◆ Task to carry out ◆
Beginning at the line containing "Bronze Tingsha - Om Mani [painted Green]", output every line to the end of the data below exactly as it appears.

◆ Source data ◆
--
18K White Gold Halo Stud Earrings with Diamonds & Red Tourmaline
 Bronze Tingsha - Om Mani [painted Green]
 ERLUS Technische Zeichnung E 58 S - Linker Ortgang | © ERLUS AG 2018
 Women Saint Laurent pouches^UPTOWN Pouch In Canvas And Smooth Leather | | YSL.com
--
◆ Response below ◆
 Bronze Tingsha - Om Mani [painted Green]
 ERLUS Technische Zeichnung E 58 S - Linker Ortgang | © ERLUS AG 2018
 Women Saint Laurent pouches^UPTOWN Pouch In Canvas And Smooth Leather | | YSL.com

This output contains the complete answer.